Die Prognostiker und der Sturz vom Hochhaus
Wir brauchen ein neues Wirtschaftsmodell, nicht sinnlose Prognosekriege.
Heute befassen wir uns hier nicht mit Robotern, sondern mit Studien über Roboter. Die sagen Folgendes: Die Digitalisierung wird auf Sicht von 15 bis 20 Jahren bis zu 60 Prozent aller Beschäftigten joblos machen (London School of Economics). Vielleicht aber auch nur bis zu 47 Prozent (Universität Oxford). Jedenfalls werden aber allein in den nächsten drei Jahren global netto fünf Millionen Jobs verloren gehen (World Economic Forum). Wenn wir Glück haben, sind auf Zwanzigjahressicht aber auch nur zwölf Prozent der Jobs perdu ( OECD) oder, siehe nebenstehenden Bericht, gar nur neun (IHS).
Ganz schöne Spreizung, oder? Und was sagt uns das jetzt? Hauptsächlich das, dass der Output von Prognosemodellen stark die Annahmen widerspiegelt, mit denen diese gefüttert werden. Man kann also nicht wirklich sagen, was uns auf dem Arbeitsmarkt letztendlich blüht. Aber man kennt jetzt die frohsinnigen und die weniger frohsinnigen unter den Studienautoren.
Wir sollten also aufhören, einander Zahlen an den Kopf zu werfen, die vermutlich alle zusammen falsch sind. Und uns um die Fakten kümmern.
Die sagen uns, dass die traditionelle „Job-Economy“des Industriezeitalters nach 200 Jahren langsam zu Ende geht. Nicht erst morgen: In der Industrie, die als Erste zu automatisieren begann, ist der Arbeitsplatzabbau bereits massiv (und das liegt nicht nur an Produktionsverlagerung). Und traditionelle Arbeitsverhältnisse werden zunehmend von anderen Formen, etwa Scheinselbstständigkeit, abgelöst. Dazu wächst das Heer der Dauer-AMS-Kunden. D as wird sich mit zunehmender Automatisierung stark beschleunigen. Gesellschaft und Politik sind darauf nicht vorbereitet.
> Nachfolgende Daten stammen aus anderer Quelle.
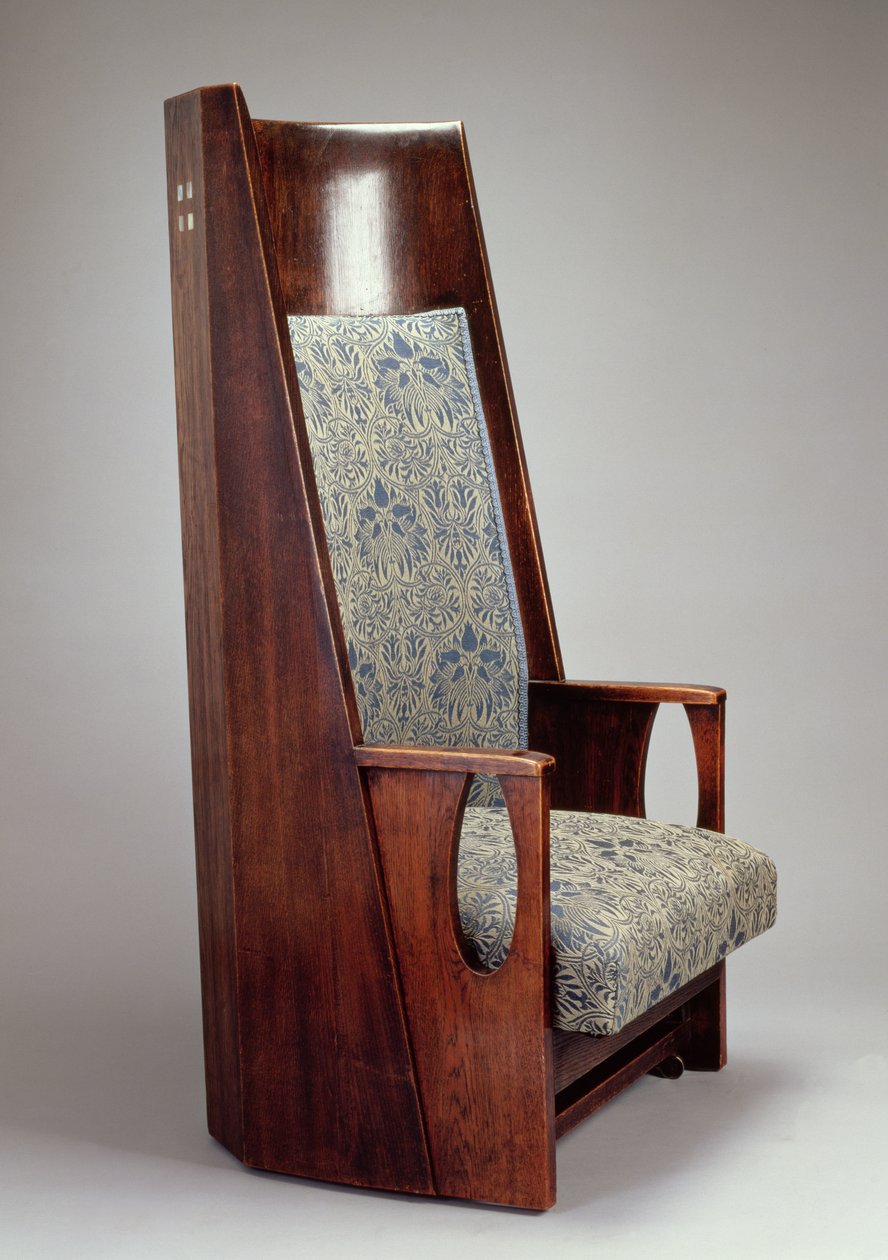 Uma de um par de poltronas para o Quarto Azul, HousHill, Glasgow, 1905 (carvalho manchado com incrustações de madrepérola) de Charles Rennie Mackintosh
Die Lage ähnelt der in dem matten Witzchen, in dem einer vom Hochhausdach stürzt – und im Vorbeiflug am fünften Stock erleichtert feststellt, dass bisher eigentlich noch gar nichts passiert sei.
Es wäre eine lohnende Aufgabe für Wirtschaftsforscher und Elite-Unis, ein gesellschaftlich tragfähiges Modell für die absehbar andersartige Wirtschaft des 21. Jahrhunderts zu entwickeln, statt einen sinnlosen Prognosekrieg zu führen.